From v...@aarontitus.net on March 25, 2013 16:29:14 Unexpected bug: In the infobox, the following items appear: City metaphone: NPTN-. Name metaphone: PPTSNKTS. Address metaphone: RFRFKRT. Phone normalised: 7328046041.

Is there any way we can hide that information from the InfoBox?

aarontitus commented 11 years ago

From cpw...@gmail.com on March 25, 2013 16:53:24 At present, Infoboxes are only available for display on the map view, not the form. view.

As a stop gap, how about opening a new tab on click of the error message?

aarontitus commented 11 years ago

From v...@aarontitus.net on March 25, 2013 16:59:41 Sure. That's an OK stop gap for the Infobox issue. I worry about someone who has interviewed a person over the phone for 8 minutes, clicks enter, only to find that it's a duplicate, then when they edit, all of their notes from the past 8 minutes are lost.

At least opening up the view/ edit would allow them to save their work.
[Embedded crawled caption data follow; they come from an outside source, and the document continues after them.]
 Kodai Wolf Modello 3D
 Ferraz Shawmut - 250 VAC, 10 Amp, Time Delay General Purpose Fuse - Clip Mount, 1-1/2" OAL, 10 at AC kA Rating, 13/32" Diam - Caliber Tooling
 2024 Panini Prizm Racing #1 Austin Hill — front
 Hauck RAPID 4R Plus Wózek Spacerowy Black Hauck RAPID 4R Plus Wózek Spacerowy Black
aarontitus commented 11 years ago

From cpw...@gmail.com on March 25, 2013 17:12:27 Understood re losing data.

New warning message, 4 metre radius, infobox alteration now live on testbed.
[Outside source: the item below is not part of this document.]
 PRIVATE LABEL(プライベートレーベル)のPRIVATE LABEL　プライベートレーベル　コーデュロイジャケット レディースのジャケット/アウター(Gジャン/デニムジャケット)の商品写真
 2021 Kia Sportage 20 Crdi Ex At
aarontitus commented 11 years ago

From v...@aarontitus.net on March 25, 2013 17:33:57 On sandbox, please check A3423 and A1861. They are duplicates, but were not flagged as duplicates. (107 Wakewood Rd) Any ideas?
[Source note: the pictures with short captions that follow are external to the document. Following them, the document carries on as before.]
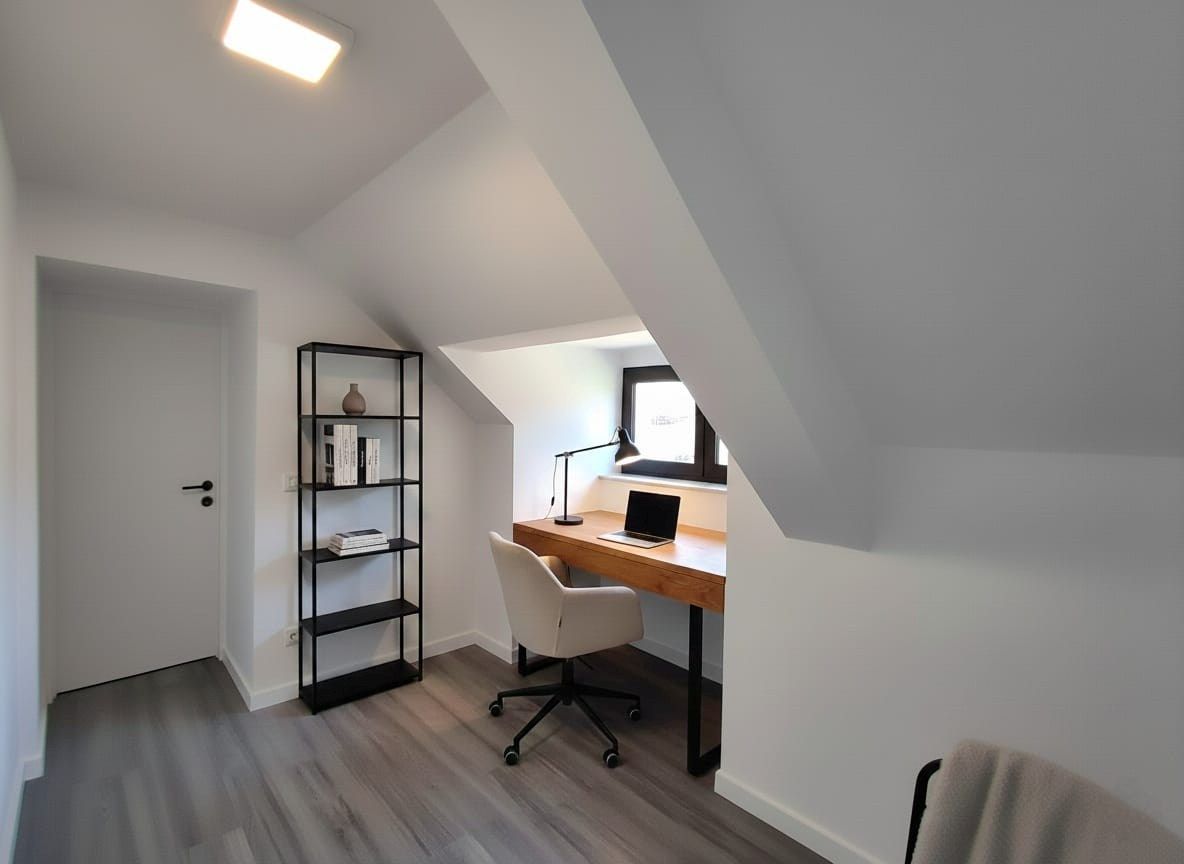 PRACHTIG GERENOVEERDE RIJWONING MET 2 SLPKS EN DUBBELE GARAGE foto 7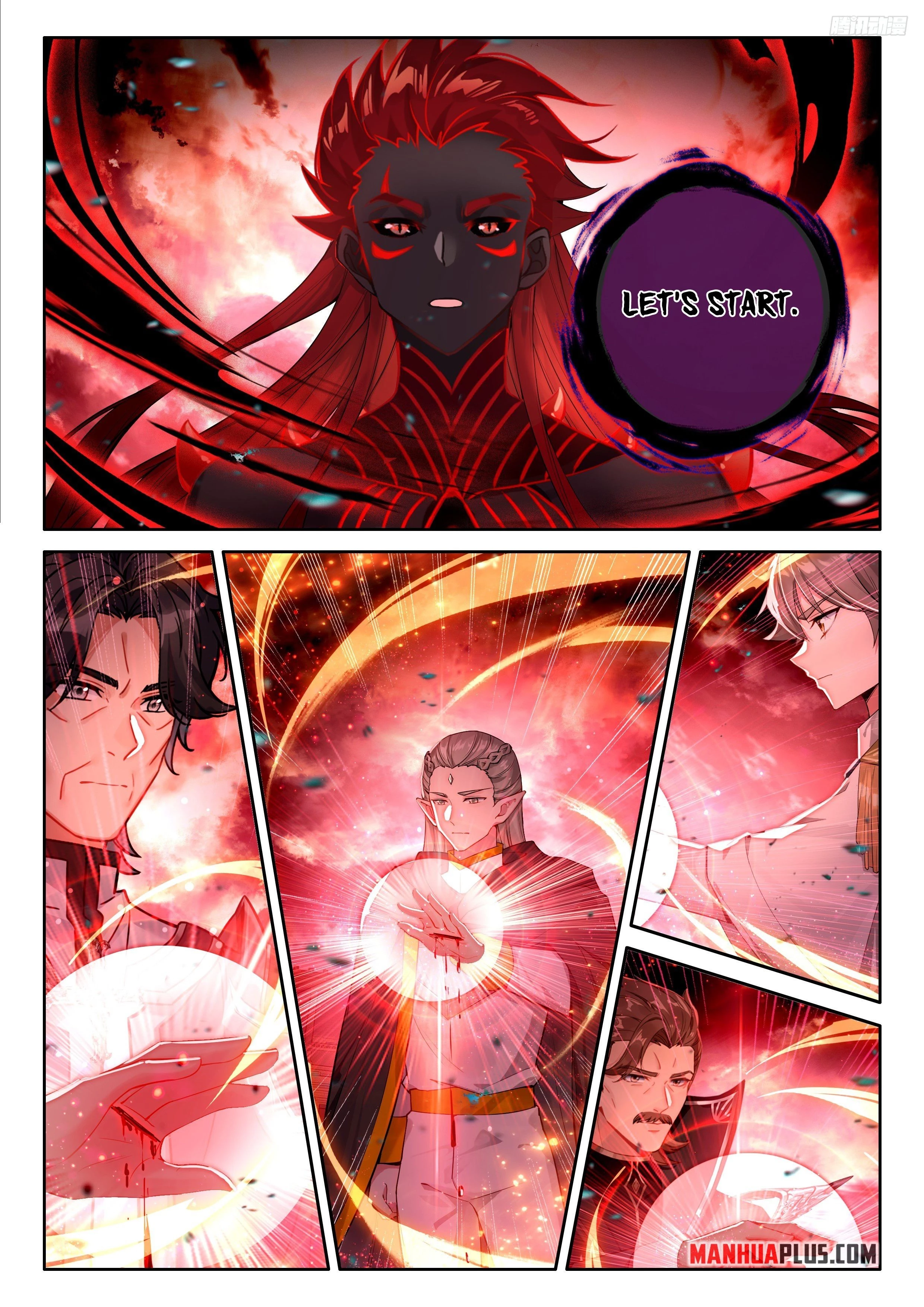 Soul Land IV Chapter 489 - 5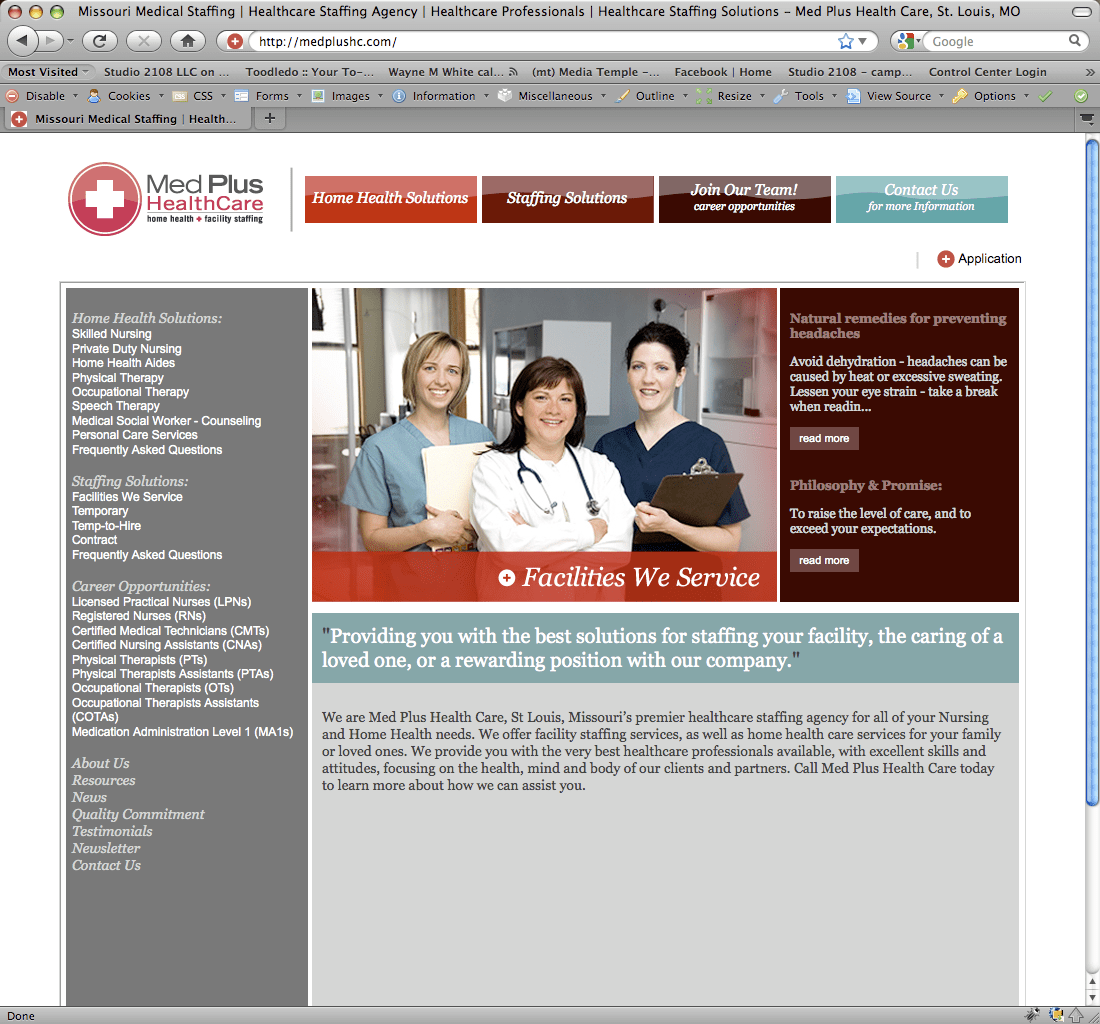 custom designed website custom designed web site st louis mo company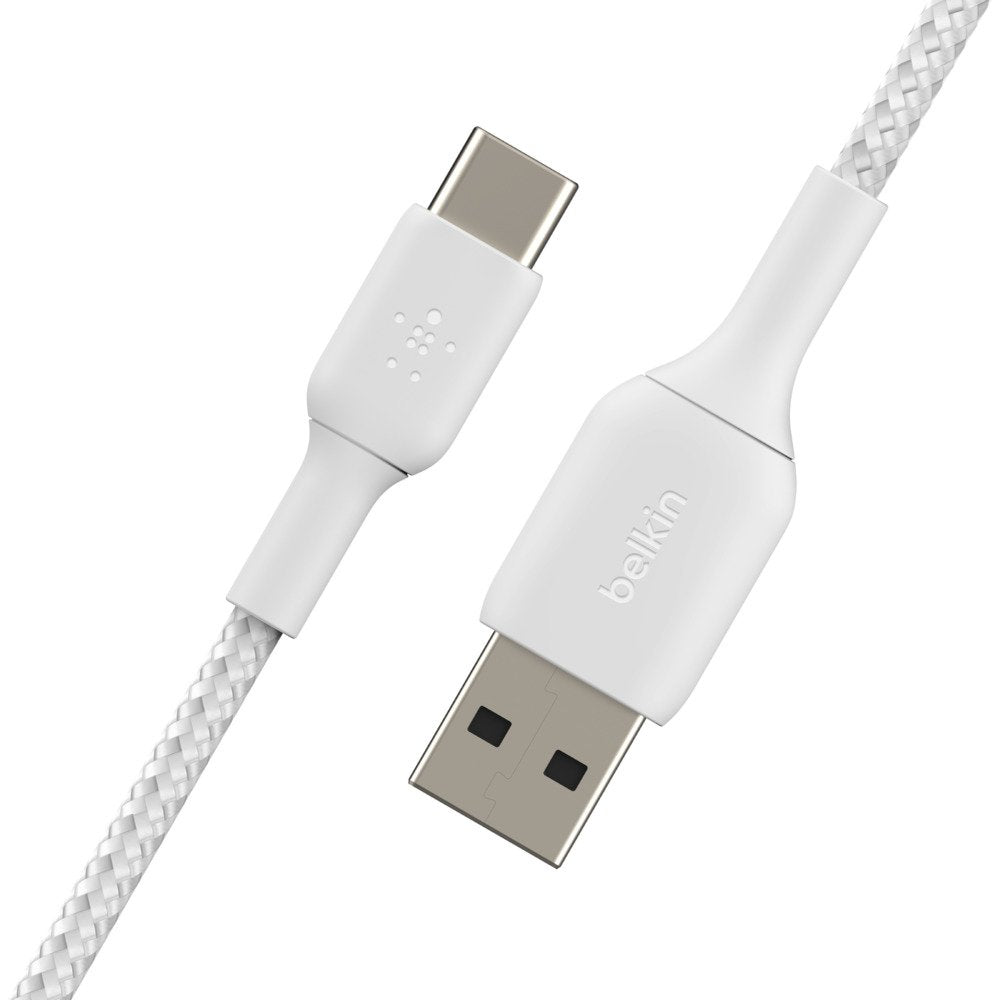 EAN 0745883788613 - Belkin CAB002BT3MWH cable USB 3 m USB A USB C Blanco imagen 3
aarontitus commented 11 years ago

From cpw...@gmail.com on March 25, 2013 17:47:41 The saved co-ordinates are different, so there's 1.5 km between them:

https://sandy-helping-hands.appspot.com/edit?case=A1861 https://sandy-helping-hands.appspot.com/edit?case=A3423

=>

http://www.wolframalpha.com/input/?i=distance+between+%2840.2091219%2C+-74.0386271%29+and+%2840.196577%2C+-74.044195%29&a=*C.distance-_*GeoQueryType-

aarontitus commented 11 years ago

From cpw...@gmail.com on March 25, 2013 17:50:36 A1861 could have used old geocoding data, at the point it was geocoded?

It geocodes to the same as A3423 when rerun now (my clicking in to an address field).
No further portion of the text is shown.